- **About this exercise**
Only the pictures are to be left out; write out the rest of the data exactly.

- **Exercise data**
═══
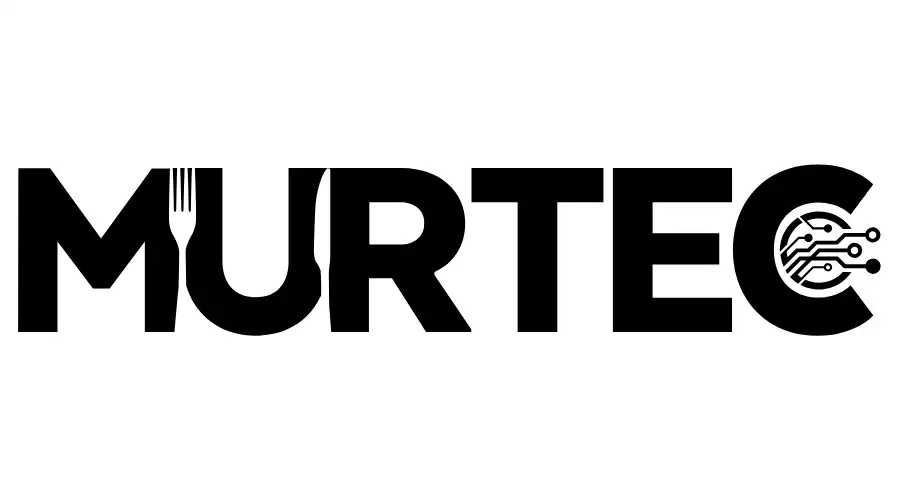 murtec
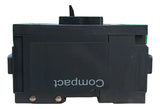 Disjuntor Nsxm 25ka Tm80d 3p Lv426206 Schneider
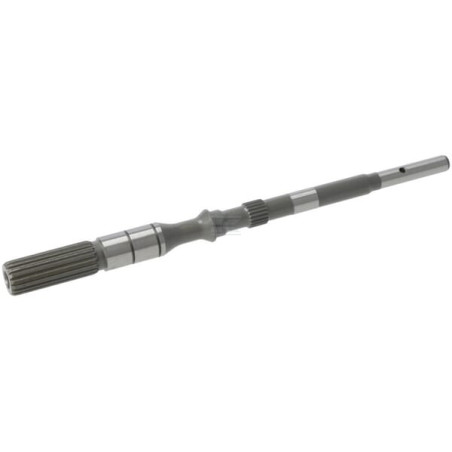 Arbre de pompe TUFF TORQ 1A646088270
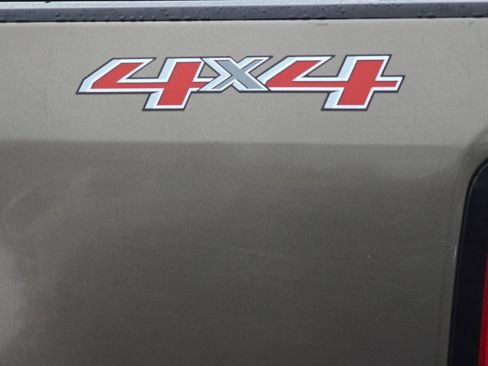 Used 2016 Chevrolet Colorado LT w/ LT Convenience Package image 48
═══
- **Exercise answer**
 murtec
 Disjuntor Nsxm 25ka Tm80d 3p Lv426206 Schneider
 Arbre de pompe TUFF TORQ 1A646088270
 Used 2016 Chevrolet Colorado LT w/ LT Convenience Package image 48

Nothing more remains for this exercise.